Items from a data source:
= = = =

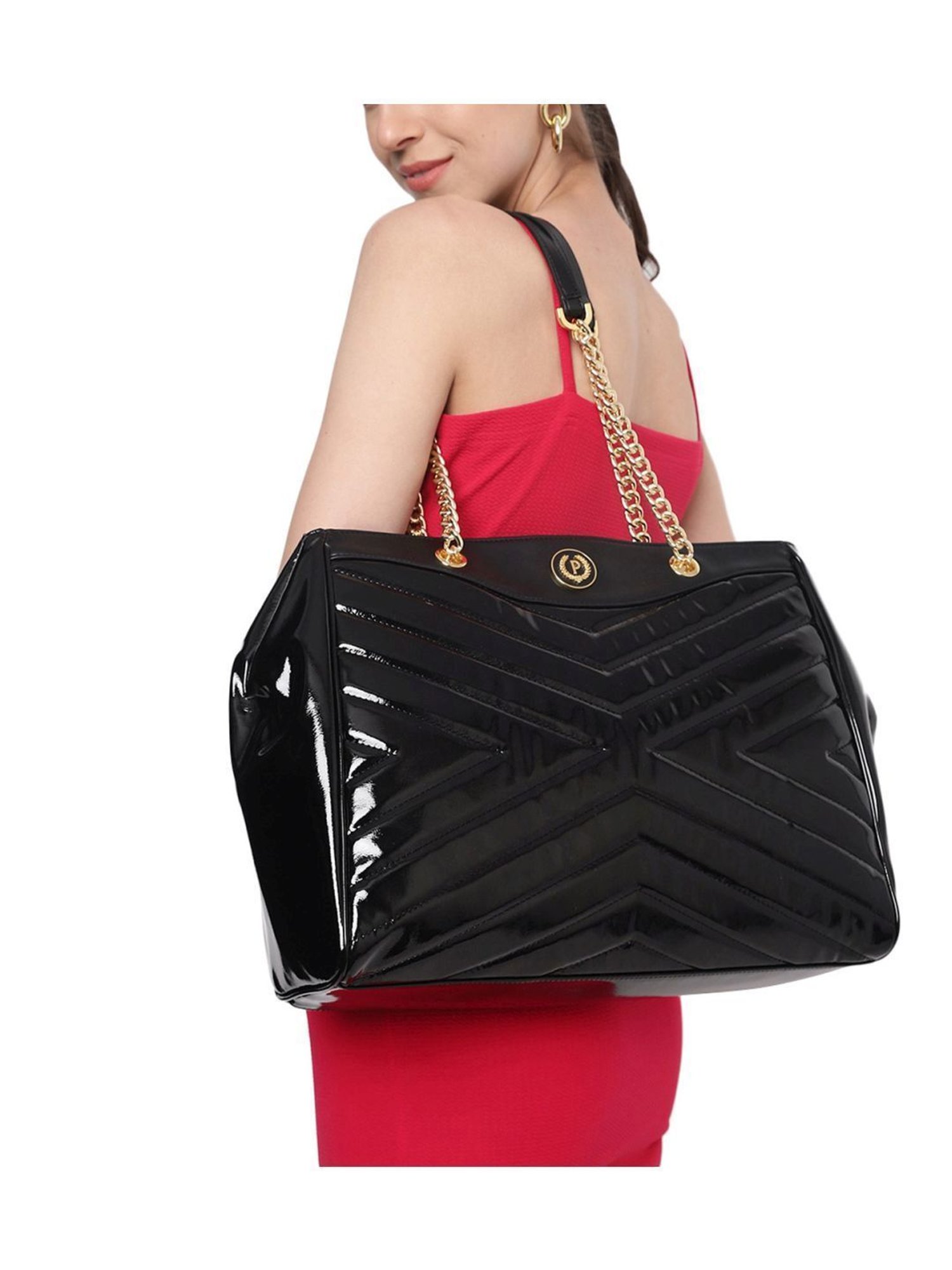 Pollini Black Soft Textured Small Tote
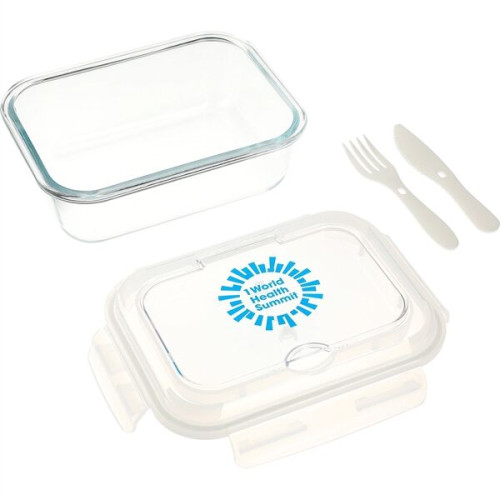 1000ML Glass Food Storage with Utensils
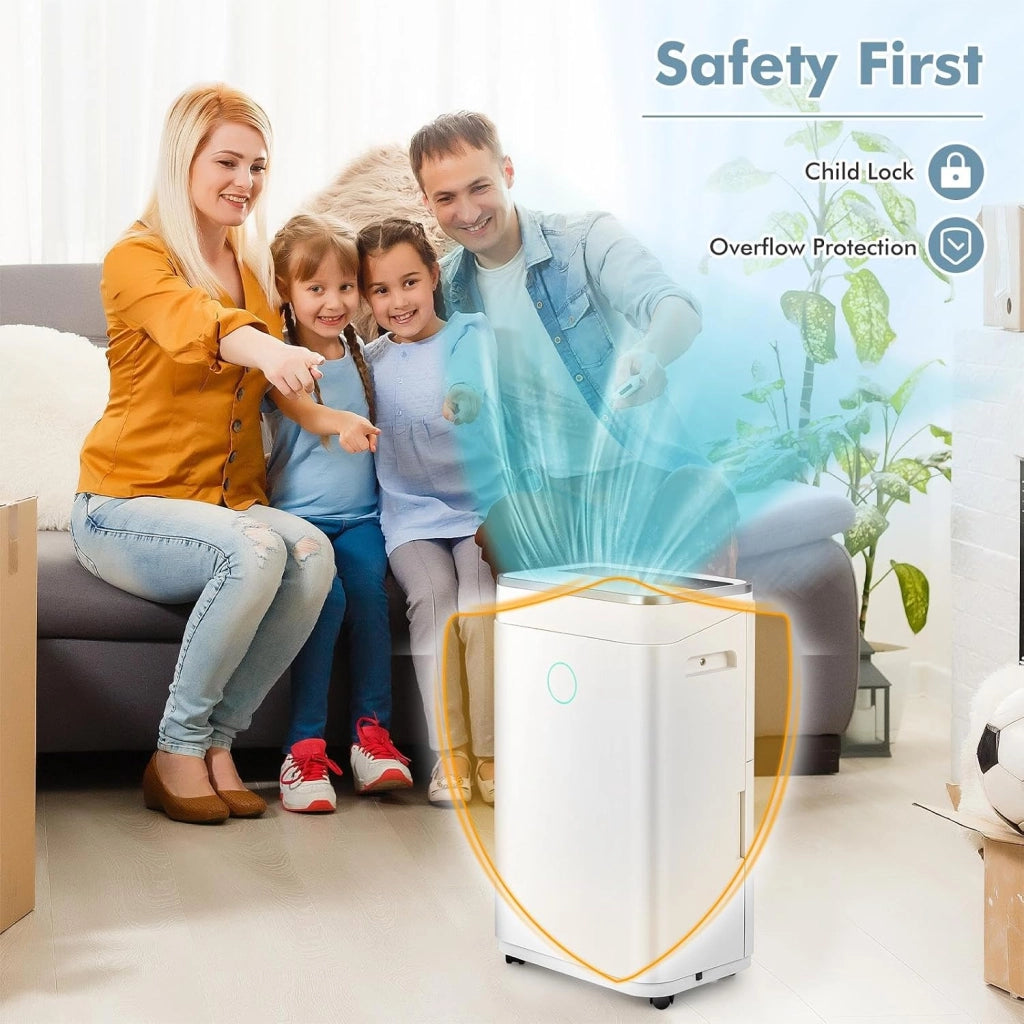 Deumidificatore Elettrico 25L/Giorno, Deumidificatore con Scarico Continuo, Timer 24 Ore, Serbatoio Acqua da 6,5L, Display LED, per Ambienti Fino a 30 m², per Cantina, Ufficio, Casa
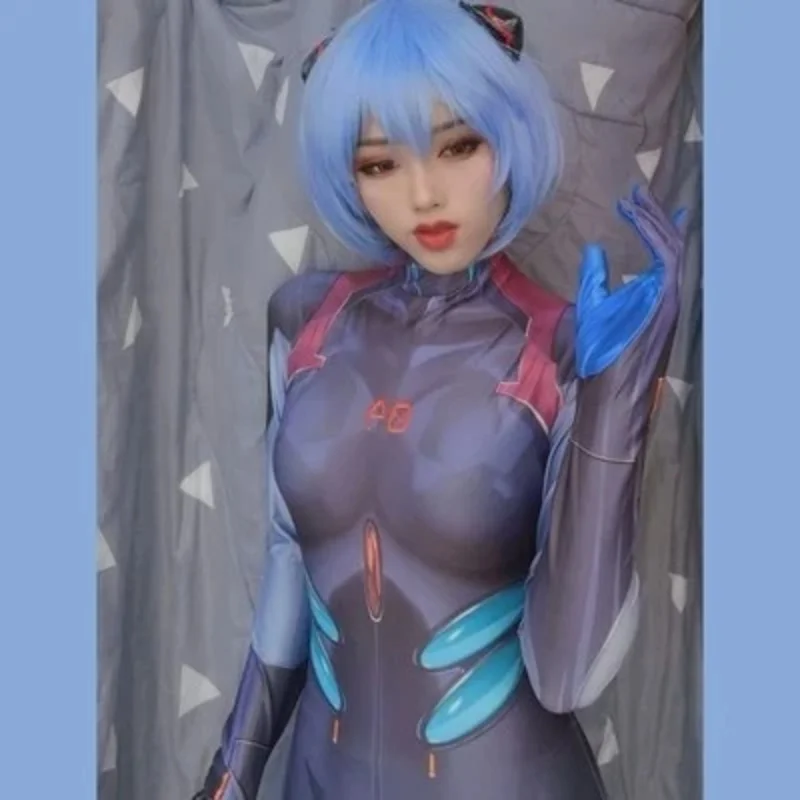 Anime Black Rei 3.0 Cosplay Costumes Girls Woman Jumpsuits Ayanami Rei Zentai Halloween Bodysuit Adults Kids
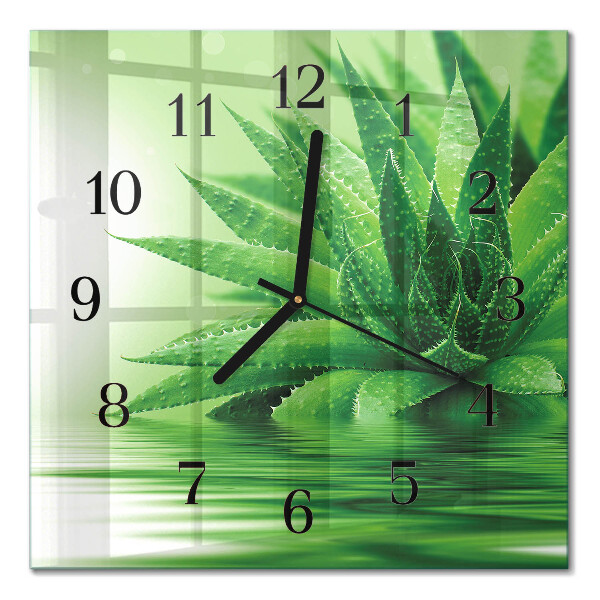 Quadrato orologio in vetro decorativo Aloe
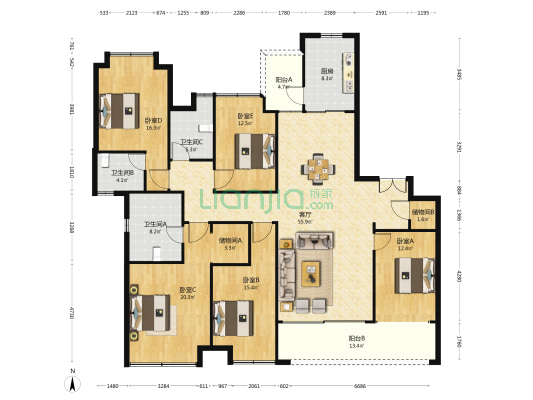 中欣楚天御府观澜 5室1厅3卫 217平方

= = = =

● Prompt: Each record must be quoted in full and exactly. Do not include the pictures.

● Response area:
 Pollini Black Soft Textured Small Tote
 1000ML Glass Food Storage with Utensils
 Deumidificatore Elettrico 25L/Giorno, Deumidificatore con Scarico Continuo, Timer 24 Ore, Serbatoio Acqua da 6,5L, Display LED, per Ambienti Fino a 30 m², per Cantina, Ufficio, Casa
 Anime Black Rei 3.0 Cosplay Costumes Girls Woman Jumpsuits Ayanami Rei Zentai Halloween Bodysuit Adults Kids
 Quadrato orologio in vetro decorativo Aloe
 中欣楚天御府观澜 5室1厅3卫 217平方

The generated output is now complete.